Cole Gieseking, ’20, spent this past summer as a promotion intern with Sony Music at the Columbia Records headquarters in New York.

“I’ve always wondered how music gets popular, how people make it in the music industry,” Gieseking said. “Sony is one of the big companies that’s responsible for making music legends, which spiked my curiosity.”

He interned in the promotions department, which he says is responsible for disseminating music out to the public, and keeping track of which songs are at the top of the charts.

He spent much of his summer tracking data about popular songs. For example, he created spreadsheets for company leadership of frequently played, downloaded, and streamed songs.

“They want to get as many streams on a song as possible,” Gieseking said. “A big part of what the promotions department does is push to have songs played on the radio. So, I would display the data and make it easy to analyze.”

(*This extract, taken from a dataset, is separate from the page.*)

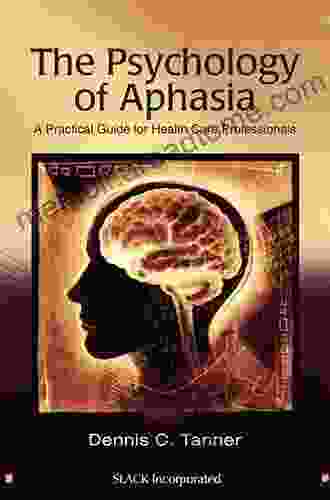 The Psychology Of Aphasia: A Practical Guide For Health Care Professionals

Gieseking attributes his ability to track that data effectively to his classes in the Robins School.

“Being able to recognize an assignment, or even an invoice when it’s handed to you is a huge advantage,” Gieseking said. “Taking business classes definitely helps in a professional environment because you go in with an understanding of how the different departments work together.”

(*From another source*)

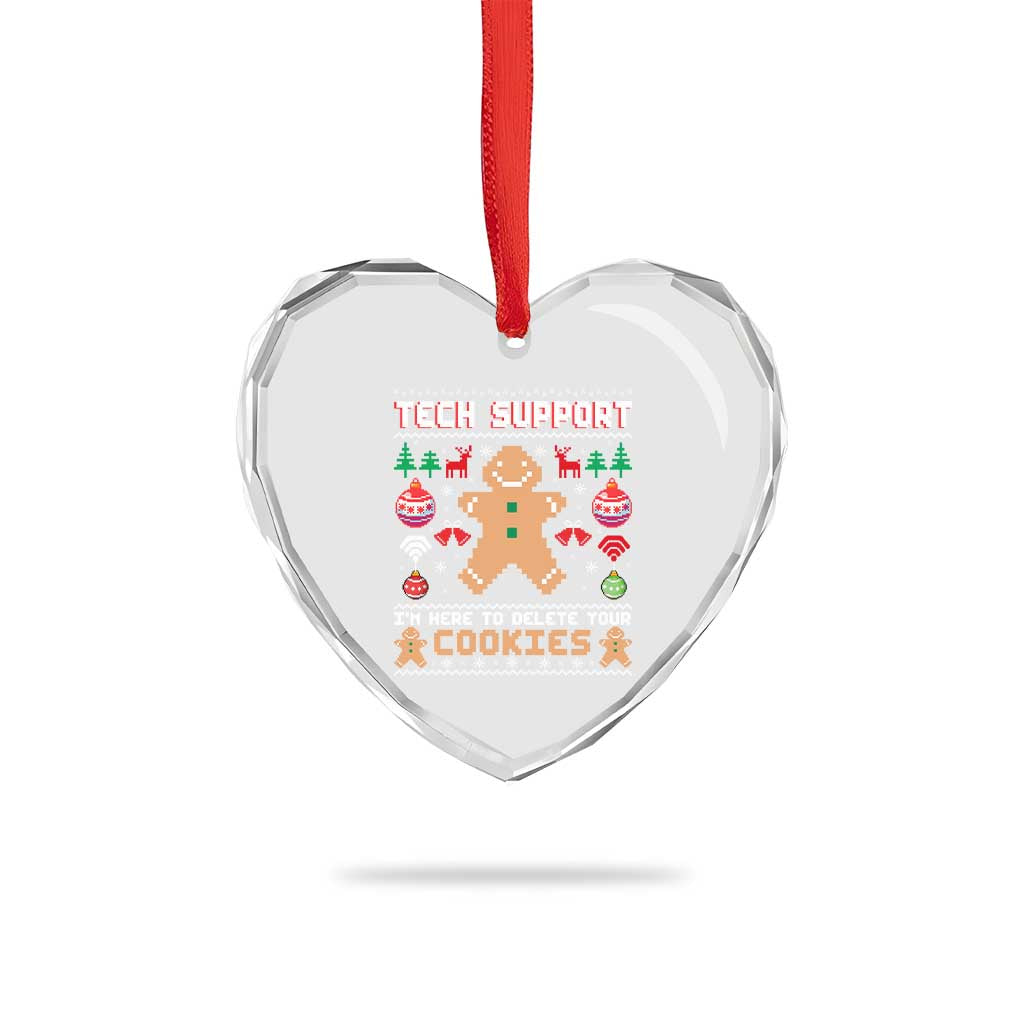 Tech Support Christmas Heart Crystal Glass Ornament I Am Here To Delete Your Cookies TS14 Print Your Wear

He noticed very quickly that the way that music is consumed and promoted is constantly changing.

“Songs have historically been pushed on the radio until they made it in the top ten, but now the goal is trending toward increasing the number of streams and frequency of radio play.”

He tracked some of the most popular songs of the summer from artists like the Chainsmokers, Foster the People, and John Mayer.

He says the highlight of his internship was interacting with company executives about top songs. On his favorite day, some company superiors played two different versions of an unreleased song with two different featured artists for the interns, and asked their opinion.

“It was unique, getting to hear songs before they were released,” Gieseking said. “Popular songs tend to have a quick rise, then pushing the songs after they’re most popular tends to increase the number of streams, which increases revenue.”

Jane Mathangani, associate director of promotion and finance, worked closely with Gieseking in his time at Columbia Records.

“Cole is a hard worker and very reliable,” Mathangani said.  “He also is very bright. When I give him something to work on he catches on very quickly.”

She explained promotion interns within Columbia Records work on a variety of projects for the company. Through those projects, she said they gain an understanding of the correlation between radio airplay and sales. They also learn the importance promotion plays in elevation of an artist. She said giving interns that professional experience at the college level is critical to jumpstarting their career in sales and promotion.

“You get to have hands on experience with how the music business operates,” Mathangani said. “Sony is a recognizable business and it is a very interesting and relevant place to work.”

Gieseking says the opportunity to see how the music industry works from the inside gave him a deeper appreciation for the profession, and he hopes to build on what he learned in the next academic year.